33 Responses to “Racey”

  1. Mel Heth Says:

    I recently had a conversation with someone who was wanting to know why it was ok for say Chris Rock to make fun of white people but not for Michael Richards to go off on black people. The difference there to me seemed to be hatred. I tried to articulate what you said about the majority and how that it where true racism exists, but I didn’t do it nearly as eloquently as you did. The bottom line is that discrimination, racism -- it’s all based on ignorance and fear. If people could stop being afraid and allow themselves to open up to knowledge, new experiences and new people, I think more people would see that we’re all the same.

  2. sil Says:

    i grew up in louisiana, and there is definitely racism there, but i never really felt it until i was in class and studying the civil rights movement and martin luther king jr, when a white classmate (i’m hispanic) asked if i would have to use the white or black water fountain had i grown up during that time. that was kind of tough to swallow as a kid. the thing that always gets me is that there are so many ethnicities in the us, yet in a lot of places, you see so much segregation still…and i guess a lot of it is due to feeling comfortable with people that are familiar with your country (some of my mom’s friends only speak spanish even though they have been in the us for over 20 yrs!)

  3. Sparkling Red Says:

    My first husband was black. If he stayed out late at night, cab drivers wouldn’t stop to pick him up because he was big, strong, and, I suppose, “scary-looking” according to stereotypes. Funny thing was, the cab drivers were various shades of brown themselves. And that’s in Toronto, which has been hailed as the most multicultural city in the world.

  4. Jules Says:

    What’s interesting though is that most of my 5th graders don’t see race. It’s only as they get older….

  5. Katie Says:

    Great post! I’m impressed at your ability to delve into such a sensitive topic.

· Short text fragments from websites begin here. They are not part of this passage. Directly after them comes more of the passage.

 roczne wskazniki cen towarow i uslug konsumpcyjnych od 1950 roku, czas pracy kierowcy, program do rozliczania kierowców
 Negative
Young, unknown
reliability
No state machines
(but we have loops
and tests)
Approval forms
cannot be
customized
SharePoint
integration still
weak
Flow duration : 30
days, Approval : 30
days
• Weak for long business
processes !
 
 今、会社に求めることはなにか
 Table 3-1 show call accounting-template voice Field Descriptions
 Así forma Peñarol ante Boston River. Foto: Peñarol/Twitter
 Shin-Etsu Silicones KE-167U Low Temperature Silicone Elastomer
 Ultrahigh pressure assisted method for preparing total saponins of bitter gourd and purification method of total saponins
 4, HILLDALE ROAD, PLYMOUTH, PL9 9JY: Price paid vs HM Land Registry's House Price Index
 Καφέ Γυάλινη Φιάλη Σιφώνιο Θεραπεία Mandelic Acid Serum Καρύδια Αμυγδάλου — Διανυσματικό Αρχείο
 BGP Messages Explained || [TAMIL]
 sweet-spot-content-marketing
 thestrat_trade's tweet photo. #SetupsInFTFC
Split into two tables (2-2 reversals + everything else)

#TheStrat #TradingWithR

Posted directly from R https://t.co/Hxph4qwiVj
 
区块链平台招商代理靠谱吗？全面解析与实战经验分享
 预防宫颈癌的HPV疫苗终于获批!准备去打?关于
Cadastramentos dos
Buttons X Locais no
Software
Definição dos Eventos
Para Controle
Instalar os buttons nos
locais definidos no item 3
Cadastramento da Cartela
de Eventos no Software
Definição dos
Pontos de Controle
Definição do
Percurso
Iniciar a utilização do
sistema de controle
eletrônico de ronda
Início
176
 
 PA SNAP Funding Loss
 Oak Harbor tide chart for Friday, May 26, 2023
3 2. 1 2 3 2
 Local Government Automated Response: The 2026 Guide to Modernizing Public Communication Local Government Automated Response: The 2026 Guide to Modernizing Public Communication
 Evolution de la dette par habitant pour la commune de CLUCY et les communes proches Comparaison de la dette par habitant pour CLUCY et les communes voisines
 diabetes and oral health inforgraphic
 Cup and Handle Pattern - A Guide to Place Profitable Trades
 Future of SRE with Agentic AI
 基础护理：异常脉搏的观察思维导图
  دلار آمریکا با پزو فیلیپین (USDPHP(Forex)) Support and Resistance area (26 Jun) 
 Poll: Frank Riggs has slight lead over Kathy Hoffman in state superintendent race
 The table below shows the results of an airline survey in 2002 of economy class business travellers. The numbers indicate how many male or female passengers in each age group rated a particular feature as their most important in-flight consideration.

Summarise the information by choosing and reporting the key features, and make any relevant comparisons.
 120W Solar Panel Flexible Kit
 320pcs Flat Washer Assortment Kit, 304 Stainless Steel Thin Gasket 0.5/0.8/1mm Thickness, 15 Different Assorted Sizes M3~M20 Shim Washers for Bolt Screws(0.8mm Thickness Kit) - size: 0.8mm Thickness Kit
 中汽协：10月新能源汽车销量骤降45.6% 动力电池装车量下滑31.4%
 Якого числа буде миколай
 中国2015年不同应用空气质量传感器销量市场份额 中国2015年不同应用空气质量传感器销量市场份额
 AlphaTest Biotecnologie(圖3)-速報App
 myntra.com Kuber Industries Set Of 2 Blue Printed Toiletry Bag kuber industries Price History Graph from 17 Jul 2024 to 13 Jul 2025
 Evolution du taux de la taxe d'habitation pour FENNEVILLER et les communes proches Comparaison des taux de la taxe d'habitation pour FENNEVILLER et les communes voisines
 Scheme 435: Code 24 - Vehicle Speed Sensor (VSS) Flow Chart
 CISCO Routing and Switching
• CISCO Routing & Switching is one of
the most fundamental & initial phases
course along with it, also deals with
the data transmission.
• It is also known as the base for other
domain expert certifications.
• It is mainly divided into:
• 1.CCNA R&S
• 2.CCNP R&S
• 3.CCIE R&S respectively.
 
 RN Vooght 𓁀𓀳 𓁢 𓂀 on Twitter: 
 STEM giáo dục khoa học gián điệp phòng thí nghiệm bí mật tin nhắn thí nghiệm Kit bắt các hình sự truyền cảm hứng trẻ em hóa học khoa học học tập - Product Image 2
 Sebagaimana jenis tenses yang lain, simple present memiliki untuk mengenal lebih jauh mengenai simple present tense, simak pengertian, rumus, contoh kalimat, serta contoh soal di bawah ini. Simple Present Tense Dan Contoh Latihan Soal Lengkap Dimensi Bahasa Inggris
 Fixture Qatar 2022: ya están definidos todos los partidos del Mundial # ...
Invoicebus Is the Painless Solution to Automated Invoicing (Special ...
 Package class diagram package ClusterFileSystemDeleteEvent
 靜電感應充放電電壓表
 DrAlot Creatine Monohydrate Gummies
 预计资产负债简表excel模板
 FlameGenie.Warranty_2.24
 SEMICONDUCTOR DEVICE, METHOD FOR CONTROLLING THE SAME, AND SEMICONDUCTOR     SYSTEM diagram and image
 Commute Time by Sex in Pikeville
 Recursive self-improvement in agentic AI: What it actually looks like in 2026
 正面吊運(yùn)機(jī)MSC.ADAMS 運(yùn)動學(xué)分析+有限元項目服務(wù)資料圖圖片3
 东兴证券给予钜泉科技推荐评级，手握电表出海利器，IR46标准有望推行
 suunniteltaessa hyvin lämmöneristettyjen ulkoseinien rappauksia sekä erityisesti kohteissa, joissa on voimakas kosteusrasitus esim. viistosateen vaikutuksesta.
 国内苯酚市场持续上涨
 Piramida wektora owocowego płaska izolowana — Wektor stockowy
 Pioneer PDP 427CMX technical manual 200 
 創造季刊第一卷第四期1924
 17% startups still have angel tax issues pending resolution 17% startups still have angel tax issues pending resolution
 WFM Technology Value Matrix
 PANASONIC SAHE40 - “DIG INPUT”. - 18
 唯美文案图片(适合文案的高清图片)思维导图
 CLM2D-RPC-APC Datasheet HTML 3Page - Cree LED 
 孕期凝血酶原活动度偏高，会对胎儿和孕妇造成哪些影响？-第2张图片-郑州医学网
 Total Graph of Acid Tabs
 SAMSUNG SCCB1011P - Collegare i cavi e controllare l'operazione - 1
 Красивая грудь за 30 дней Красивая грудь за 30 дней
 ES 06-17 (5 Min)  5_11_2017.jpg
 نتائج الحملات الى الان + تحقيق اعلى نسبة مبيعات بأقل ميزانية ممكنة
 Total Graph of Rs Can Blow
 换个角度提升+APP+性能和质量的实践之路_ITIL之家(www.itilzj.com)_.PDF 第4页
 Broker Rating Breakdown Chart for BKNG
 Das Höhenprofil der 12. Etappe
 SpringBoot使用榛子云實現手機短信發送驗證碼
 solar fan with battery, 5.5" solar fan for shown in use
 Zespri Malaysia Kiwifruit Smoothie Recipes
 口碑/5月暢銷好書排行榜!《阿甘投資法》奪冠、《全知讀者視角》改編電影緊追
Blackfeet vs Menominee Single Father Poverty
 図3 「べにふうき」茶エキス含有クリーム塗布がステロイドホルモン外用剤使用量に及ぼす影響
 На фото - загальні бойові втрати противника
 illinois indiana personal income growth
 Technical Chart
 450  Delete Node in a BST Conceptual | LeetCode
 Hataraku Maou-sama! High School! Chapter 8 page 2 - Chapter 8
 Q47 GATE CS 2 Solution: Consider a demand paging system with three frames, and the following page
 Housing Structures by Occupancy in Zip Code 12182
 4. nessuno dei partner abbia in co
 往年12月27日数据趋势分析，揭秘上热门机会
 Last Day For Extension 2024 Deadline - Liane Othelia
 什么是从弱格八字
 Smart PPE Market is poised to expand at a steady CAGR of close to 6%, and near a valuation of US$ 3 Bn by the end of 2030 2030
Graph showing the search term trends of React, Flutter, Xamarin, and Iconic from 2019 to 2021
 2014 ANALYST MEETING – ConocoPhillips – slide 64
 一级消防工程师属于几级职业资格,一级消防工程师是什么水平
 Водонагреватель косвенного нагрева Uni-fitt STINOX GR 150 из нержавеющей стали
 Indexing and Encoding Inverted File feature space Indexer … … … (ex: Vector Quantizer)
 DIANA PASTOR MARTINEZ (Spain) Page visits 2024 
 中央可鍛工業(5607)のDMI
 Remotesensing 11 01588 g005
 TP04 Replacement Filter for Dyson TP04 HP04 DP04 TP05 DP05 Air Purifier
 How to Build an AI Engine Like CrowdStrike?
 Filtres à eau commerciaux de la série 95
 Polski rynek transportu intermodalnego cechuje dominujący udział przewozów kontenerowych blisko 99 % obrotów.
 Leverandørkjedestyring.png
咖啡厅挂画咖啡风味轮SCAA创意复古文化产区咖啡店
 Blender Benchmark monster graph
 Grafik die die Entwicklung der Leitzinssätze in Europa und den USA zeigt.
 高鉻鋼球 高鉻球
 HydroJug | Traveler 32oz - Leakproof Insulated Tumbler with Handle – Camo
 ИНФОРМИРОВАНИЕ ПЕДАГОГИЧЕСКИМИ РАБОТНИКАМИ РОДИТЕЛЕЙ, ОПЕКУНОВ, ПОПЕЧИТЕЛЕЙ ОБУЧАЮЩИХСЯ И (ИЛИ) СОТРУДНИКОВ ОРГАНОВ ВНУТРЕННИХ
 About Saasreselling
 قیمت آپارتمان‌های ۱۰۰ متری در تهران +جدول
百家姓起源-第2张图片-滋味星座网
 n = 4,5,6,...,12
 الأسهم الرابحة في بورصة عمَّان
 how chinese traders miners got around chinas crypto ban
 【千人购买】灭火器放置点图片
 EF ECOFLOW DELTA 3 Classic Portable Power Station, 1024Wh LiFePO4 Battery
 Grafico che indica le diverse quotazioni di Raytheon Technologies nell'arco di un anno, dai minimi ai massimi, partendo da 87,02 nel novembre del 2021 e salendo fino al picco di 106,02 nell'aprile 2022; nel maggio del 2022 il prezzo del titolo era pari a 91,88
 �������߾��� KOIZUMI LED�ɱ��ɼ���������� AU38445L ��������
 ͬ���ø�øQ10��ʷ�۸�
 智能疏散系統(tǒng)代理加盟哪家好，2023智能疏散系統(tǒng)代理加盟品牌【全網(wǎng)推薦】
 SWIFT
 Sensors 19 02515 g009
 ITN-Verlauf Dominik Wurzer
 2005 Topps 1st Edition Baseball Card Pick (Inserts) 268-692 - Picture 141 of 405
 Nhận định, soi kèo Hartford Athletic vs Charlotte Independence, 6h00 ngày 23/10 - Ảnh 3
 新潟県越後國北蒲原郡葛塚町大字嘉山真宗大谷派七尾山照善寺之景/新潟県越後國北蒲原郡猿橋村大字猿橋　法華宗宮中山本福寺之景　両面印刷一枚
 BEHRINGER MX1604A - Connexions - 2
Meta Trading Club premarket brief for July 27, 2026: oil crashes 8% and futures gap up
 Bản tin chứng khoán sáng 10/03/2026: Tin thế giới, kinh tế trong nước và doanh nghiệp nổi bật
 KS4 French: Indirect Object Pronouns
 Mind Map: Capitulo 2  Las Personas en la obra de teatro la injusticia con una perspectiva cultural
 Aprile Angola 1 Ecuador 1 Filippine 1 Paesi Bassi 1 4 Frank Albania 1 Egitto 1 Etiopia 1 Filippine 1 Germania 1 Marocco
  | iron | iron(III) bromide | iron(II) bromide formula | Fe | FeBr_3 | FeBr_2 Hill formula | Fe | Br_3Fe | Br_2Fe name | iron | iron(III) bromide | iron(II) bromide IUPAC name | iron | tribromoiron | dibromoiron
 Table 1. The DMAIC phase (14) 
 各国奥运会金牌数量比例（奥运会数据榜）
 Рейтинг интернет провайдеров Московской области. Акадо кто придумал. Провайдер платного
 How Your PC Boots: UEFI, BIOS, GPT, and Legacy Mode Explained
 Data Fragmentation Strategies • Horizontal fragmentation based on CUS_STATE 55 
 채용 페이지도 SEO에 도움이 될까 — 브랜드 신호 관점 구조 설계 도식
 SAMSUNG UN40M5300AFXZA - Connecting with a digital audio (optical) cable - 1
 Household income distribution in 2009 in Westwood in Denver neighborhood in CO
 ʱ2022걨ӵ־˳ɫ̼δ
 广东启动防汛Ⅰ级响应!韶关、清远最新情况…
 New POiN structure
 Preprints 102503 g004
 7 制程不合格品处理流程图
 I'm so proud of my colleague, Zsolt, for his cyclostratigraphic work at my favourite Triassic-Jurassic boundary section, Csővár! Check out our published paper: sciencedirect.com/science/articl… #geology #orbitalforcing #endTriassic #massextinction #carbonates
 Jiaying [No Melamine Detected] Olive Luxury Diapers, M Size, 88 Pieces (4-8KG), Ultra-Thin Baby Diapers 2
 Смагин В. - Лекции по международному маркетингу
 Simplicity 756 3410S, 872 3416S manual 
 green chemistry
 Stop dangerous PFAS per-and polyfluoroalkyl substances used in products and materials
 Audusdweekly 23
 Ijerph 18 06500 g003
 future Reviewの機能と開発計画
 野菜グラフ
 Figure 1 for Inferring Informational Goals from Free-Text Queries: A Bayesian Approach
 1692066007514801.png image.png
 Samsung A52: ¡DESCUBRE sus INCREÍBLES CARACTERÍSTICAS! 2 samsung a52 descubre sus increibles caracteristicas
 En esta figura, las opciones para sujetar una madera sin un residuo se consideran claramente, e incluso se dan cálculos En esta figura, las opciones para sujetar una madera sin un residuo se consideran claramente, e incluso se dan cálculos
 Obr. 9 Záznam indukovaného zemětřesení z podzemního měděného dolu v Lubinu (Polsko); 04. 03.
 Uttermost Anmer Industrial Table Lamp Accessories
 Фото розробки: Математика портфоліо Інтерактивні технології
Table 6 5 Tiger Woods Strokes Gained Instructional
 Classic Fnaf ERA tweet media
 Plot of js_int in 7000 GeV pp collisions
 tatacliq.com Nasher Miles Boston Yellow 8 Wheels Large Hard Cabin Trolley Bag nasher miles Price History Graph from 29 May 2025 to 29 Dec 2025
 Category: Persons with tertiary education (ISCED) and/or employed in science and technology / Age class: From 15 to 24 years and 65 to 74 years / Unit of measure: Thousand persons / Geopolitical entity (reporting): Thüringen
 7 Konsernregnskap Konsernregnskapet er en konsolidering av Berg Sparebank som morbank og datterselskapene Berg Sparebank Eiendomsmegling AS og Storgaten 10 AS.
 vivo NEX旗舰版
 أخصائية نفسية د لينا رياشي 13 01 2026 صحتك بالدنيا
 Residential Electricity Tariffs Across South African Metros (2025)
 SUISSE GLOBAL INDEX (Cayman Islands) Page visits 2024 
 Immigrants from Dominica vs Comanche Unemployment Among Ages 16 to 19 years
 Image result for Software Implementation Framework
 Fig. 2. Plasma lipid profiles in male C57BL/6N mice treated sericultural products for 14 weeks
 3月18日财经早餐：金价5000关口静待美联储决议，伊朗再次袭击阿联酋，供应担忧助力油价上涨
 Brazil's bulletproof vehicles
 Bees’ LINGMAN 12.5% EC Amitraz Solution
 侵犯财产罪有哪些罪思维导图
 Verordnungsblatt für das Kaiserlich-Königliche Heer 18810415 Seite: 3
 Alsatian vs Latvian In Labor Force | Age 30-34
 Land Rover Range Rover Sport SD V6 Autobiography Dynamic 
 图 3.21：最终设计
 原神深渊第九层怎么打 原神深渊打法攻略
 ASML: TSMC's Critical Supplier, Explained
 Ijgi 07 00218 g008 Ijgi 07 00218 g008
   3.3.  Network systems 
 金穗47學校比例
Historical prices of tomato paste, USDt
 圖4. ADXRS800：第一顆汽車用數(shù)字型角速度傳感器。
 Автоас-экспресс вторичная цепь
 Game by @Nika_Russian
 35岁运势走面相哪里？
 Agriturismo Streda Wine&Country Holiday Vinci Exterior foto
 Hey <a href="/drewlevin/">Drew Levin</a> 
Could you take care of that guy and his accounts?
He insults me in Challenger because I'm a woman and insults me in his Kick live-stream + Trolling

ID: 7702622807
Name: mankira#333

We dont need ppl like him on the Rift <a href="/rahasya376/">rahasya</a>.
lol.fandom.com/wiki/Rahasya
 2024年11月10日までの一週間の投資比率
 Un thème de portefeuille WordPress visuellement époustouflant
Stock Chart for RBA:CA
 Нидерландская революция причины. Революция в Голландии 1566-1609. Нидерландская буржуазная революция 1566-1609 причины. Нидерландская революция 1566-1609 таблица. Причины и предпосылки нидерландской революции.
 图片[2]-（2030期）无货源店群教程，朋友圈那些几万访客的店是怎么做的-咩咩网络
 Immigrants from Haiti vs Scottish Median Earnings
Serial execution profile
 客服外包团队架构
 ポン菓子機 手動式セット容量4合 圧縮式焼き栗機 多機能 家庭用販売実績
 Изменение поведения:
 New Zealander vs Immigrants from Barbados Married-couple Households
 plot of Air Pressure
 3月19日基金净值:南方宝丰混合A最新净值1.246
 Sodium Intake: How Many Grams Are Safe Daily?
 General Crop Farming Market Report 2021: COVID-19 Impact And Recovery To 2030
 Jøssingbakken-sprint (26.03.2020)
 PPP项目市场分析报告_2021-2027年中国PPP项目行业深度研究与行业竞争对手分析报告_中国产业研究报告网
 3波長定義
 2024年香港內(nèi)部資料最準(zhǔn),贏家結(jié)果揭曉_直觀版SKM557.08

    I do live in the South, but am fortunate in that I honestly don’t see too many instances of racism in my day to day life. Maybe that is because I live in a fairly large city, or maybe its the company that I choose to keep. Or perhaps it is simply that I do not go out looking for examples on a regular basis. Regardless, racism is a major problem in our country and I do realize that.

    This might not be a very popular point of view, but frankly I think racism breeds racism. Its a cyclical thing — someone is mistreated due to their race, which (rightfully) incites a response from the minority group which in turn incites some type of response from the majority group. In a case like this, the responsibility falls to the majority group to put an end to their behavior.

    On the other hand, it is my belief that certain cases highlighted in the news media are tagged as racism when that really isn’t the case. If a minority isn’t hired for a particular job that they feel they were qualified for, it is easy to claim racism when that is not the reason at all. (And that isn’t to say that some of these claims are not legit) In these instances, I fault the news media and the minority groups.

    Basically, I agree that it is disgusting and it is a problem but I also think that it is up to both groups to tweak their own actions, thoughts, and behaviors in order to end a deep-seeded issue that has been brewing for hundreds of years.

  6. Kristi Says:

    I experienced racism at an early age. Yet my brother and I are quite intolerant of it. In school there was not a lot of diversity, but also not a lot of racism. It wasn’t until college that I was shockingly exposed to what you call discrimination by blacks. A black friend of mine pledged a black sorority. She went through rush and apparently was not allowed to talk to ANY white people. Our relationship was over but not by my choice (she NEVER talked to me (or many others again). It was really sad. Then I became aware of more of this behavior throughout the campus. Not just ignoring but directed anger. I feel I am not a racist person and the whole idea makes me extremely sad. What a waste. How many wonderful people I would not have in my life if I was! How closed minded I would be about other cultures!

  7. Karen Says:

    Great Topic!!

    I grew up in a totally Italian/Polish community. We were white and Catholic. There were no black people in my school or my neighborhood (though there was one Indian girl and one Asian girl). I was VERY sheltered from different types of people -- not by choice, per se, but by the circumstances of my life. I went to a private high school and out of the 700 kids in the school there were 2 black students. My parents didn’t have multi-racial friends. My mom thought she was ultra progressive when we changed from our Polish housekeeper to a Dominican woman. In my Jersey suburb, especially in the 70s and 80s, the races just didn’t mix. They didn’t socialize or live in the same areas or go to the same schools.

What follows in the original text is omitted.